*YOUR TASK*
Return the stretch from the line with "Count data models." through the line with "If you ever" in the data below, character for character, skipping all pictures.

(PROVIDED DATA Opens)

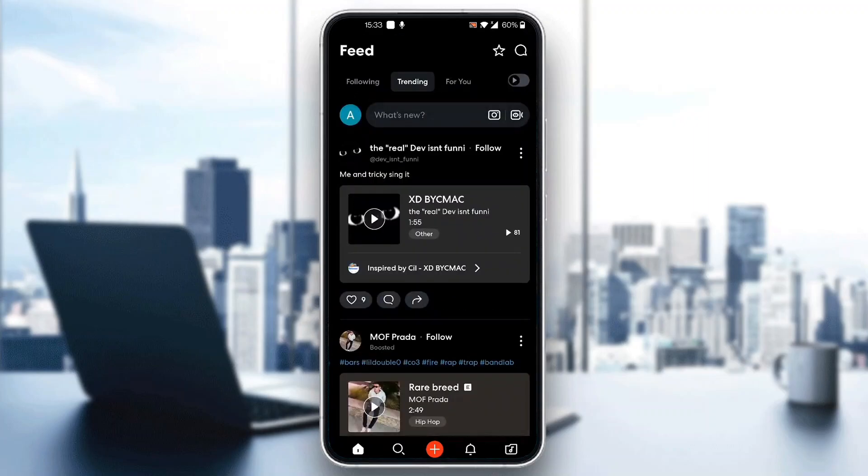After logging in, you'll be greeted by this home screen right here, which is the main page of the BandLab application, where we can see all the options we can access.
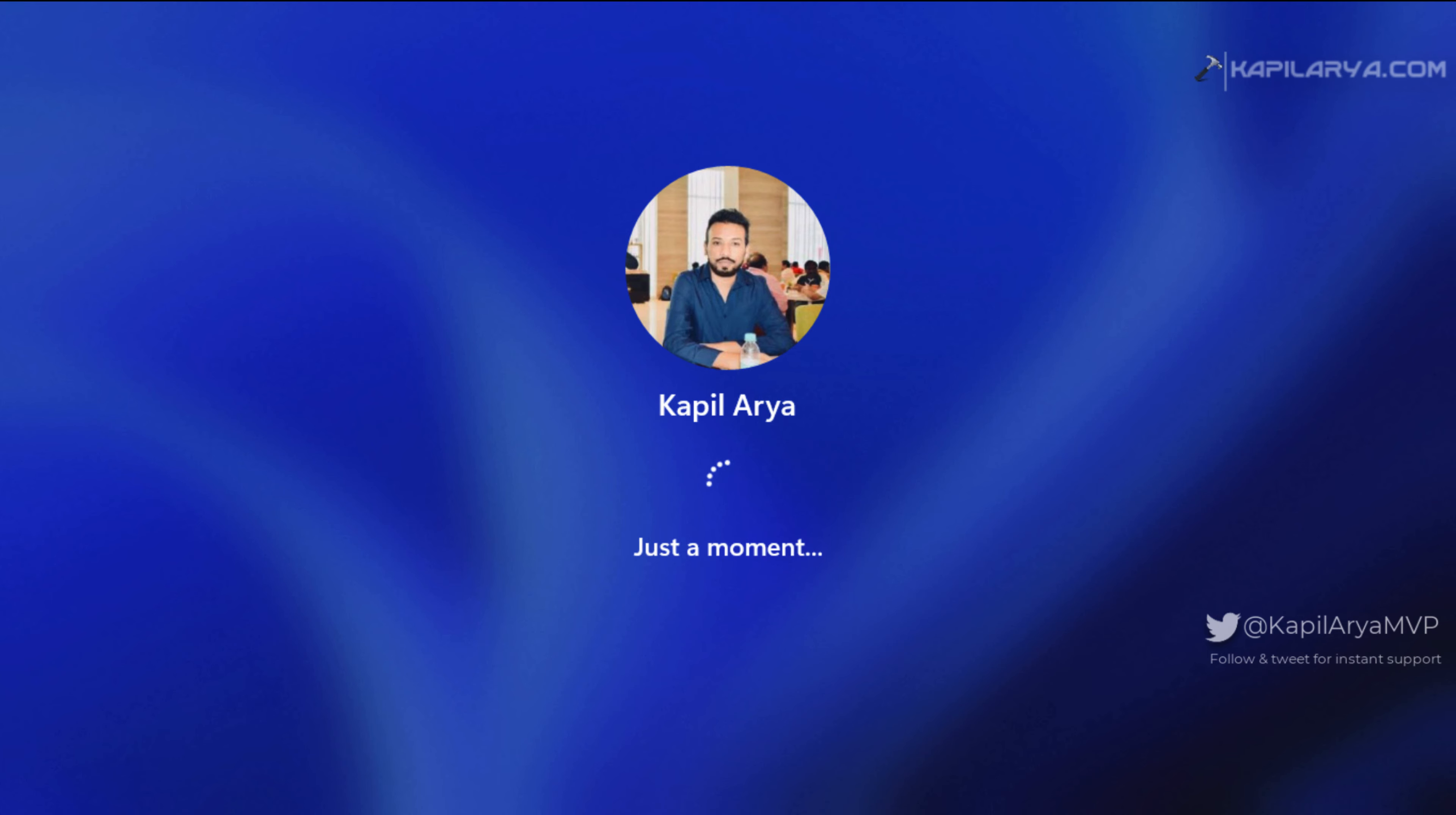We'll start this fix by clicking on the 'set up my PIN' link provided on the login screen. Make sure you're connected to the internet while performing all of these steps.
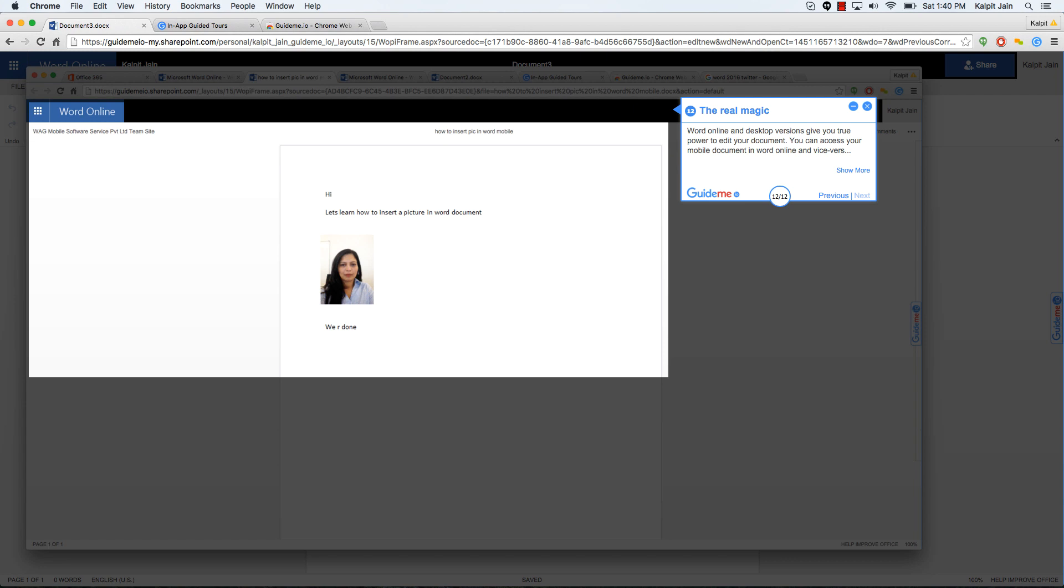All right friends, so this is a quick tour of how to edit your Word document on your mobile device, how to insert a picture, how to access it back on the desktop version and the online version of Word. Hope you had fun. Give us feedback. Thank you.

(PROVIDED DATA Closes)
(PROVIDED DATA Opens)

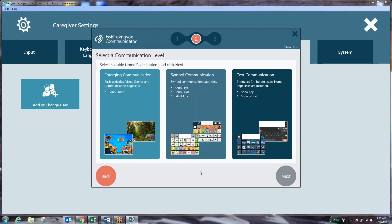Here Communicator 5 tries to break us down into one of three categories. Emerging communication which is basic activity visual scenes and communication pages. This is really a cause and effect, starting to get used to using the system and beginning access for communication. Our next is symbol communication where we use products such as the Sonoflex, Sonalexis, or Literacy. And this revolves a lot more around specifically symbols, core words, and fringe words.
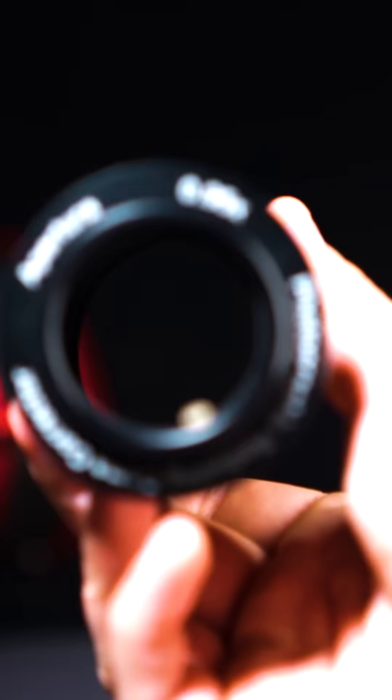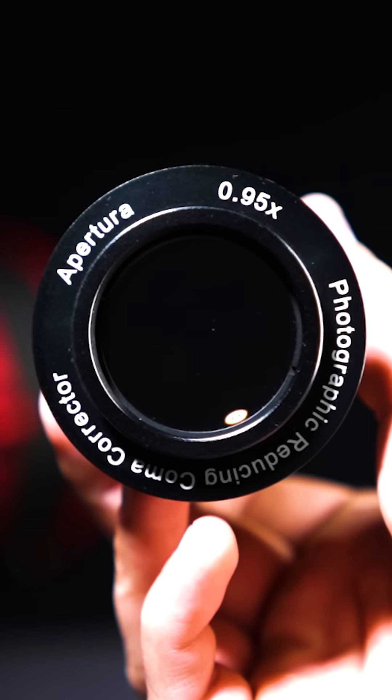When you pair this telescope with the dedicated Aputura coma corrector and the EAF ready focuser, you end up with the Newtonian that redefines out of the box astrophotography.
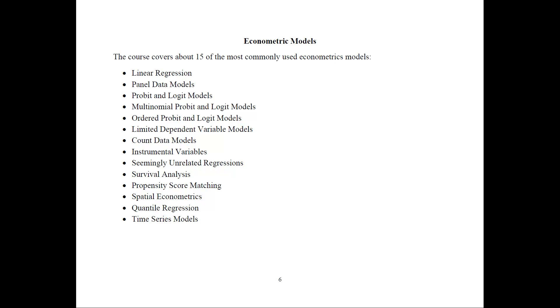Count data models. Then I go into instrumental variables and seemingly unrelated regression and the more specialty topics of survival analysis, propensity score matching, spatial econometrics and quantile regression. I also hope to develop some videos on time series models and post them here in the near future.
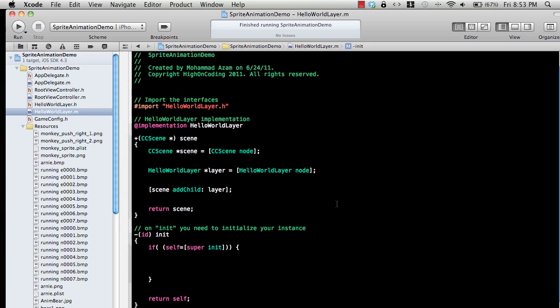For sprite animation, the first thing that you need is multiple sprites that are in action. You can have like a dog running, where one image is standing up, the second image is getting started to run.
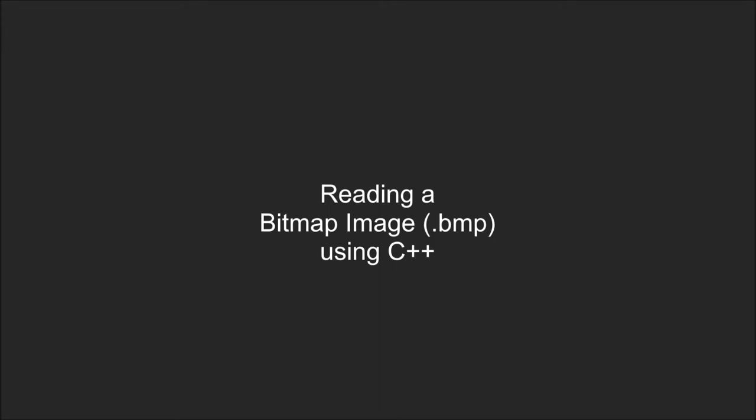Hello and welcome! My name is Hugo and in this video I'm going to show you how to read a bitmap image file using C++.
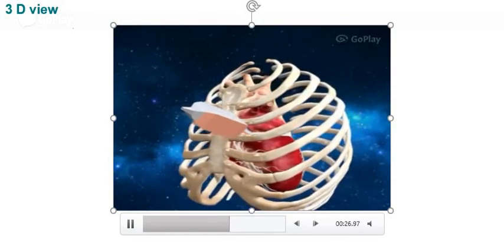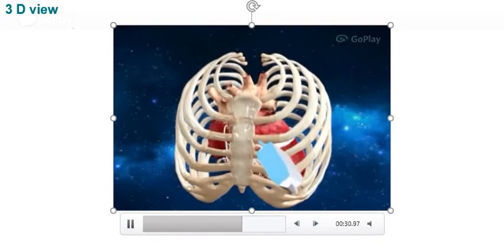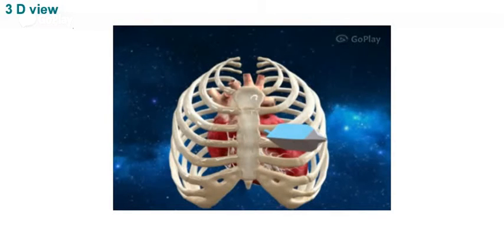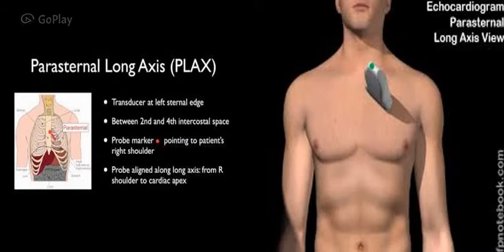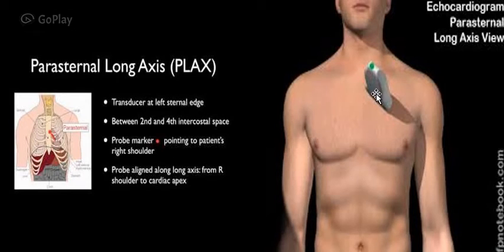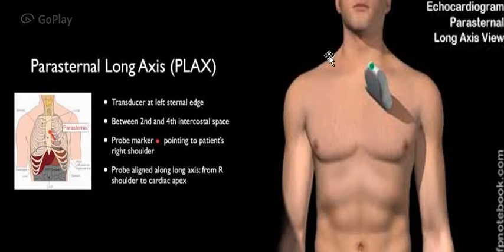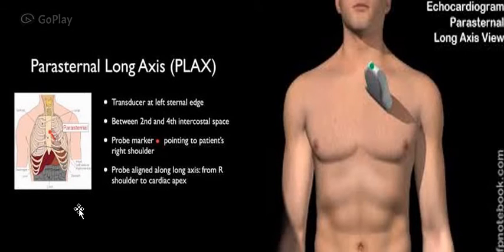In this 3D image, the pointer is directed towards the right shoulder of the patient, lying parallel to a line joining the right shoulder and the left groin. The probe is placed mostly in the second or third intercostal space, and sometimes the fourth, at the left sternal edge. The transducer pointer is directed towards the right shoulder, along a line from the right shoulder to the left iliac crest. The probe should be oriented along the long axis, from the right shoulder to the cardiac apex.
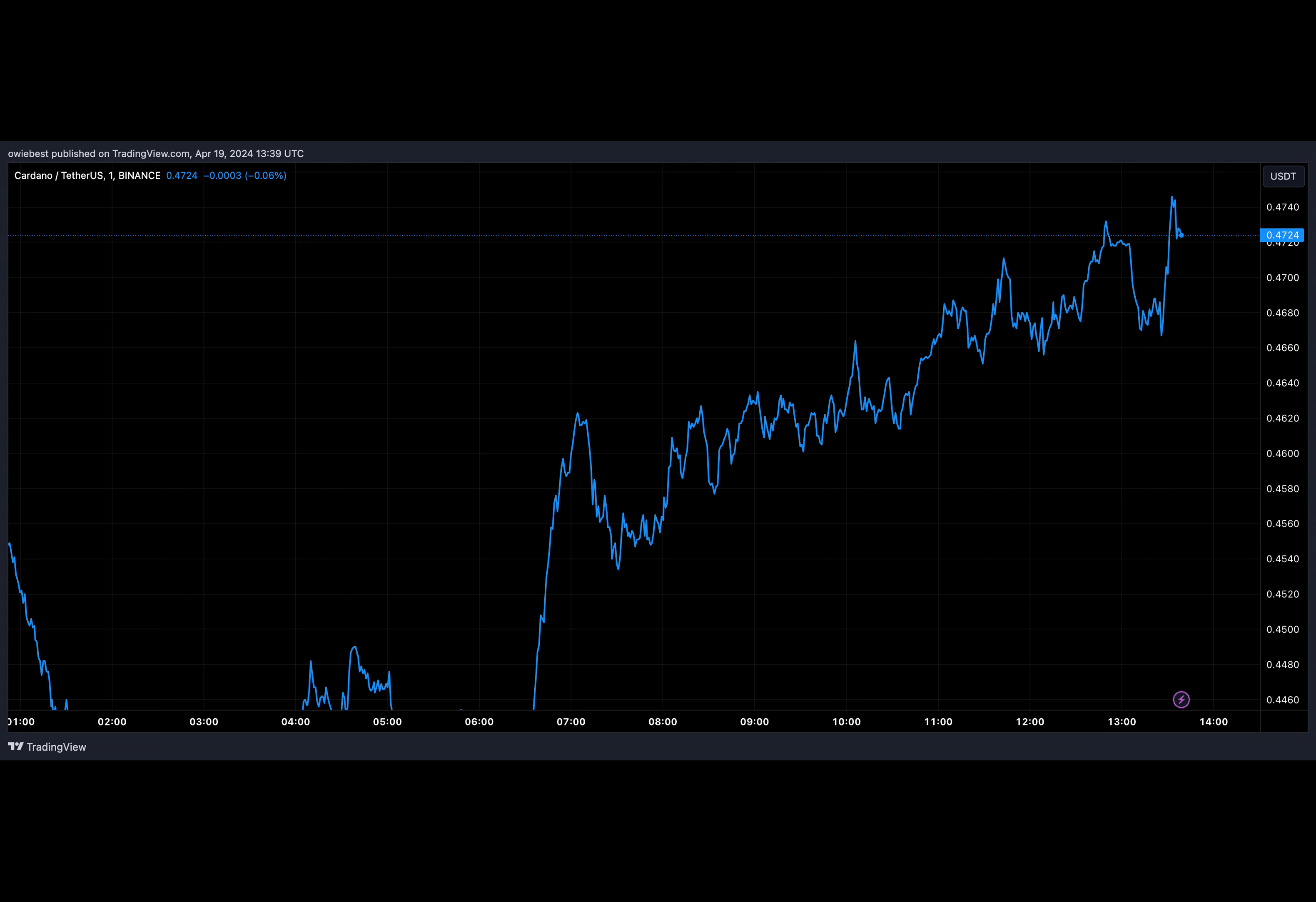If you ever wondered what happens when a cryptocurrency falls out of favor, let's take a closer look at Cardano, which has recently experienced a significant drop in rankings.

(PROVIDED DATA Closes)

*RESPONSE*
Count data models. Then I go into instrumental variables and seemingly unrelated regression and the more specialty topics of survival analysis, propensity score matching, spatial econometrics and quantile regression. I also hope to develop some videos on time series models and post them here in the near future.
For sprite animation, the first thing that you need is multiple sprites that are in action. You can have like a dog running, where one image is standing up, the second image is getting started to run.
Hello and welcome! My name is Hugo and in this video I'm going to show you how to read a bitmap image file using C++.
In this 3D image, the pointer is directed towards the right shoulder of the patient, lying parallel to a line joining the right shoulder and the left groin. The probe is placed mostly in the second or third intercostal space, and sometimes the fourth, at the left sternal edge. The transducer pointer is directed towards the right shoulder, along a line from the right shoulder to the left iliac crest. The probe should be oriented along the long axis, from the right shoulder to the cardiac apex.
If you ever wondered what happens when a cryptocurrency falls out of favor, let's take a closer look at Cardano, which has recently experienced a significant drop in rankings.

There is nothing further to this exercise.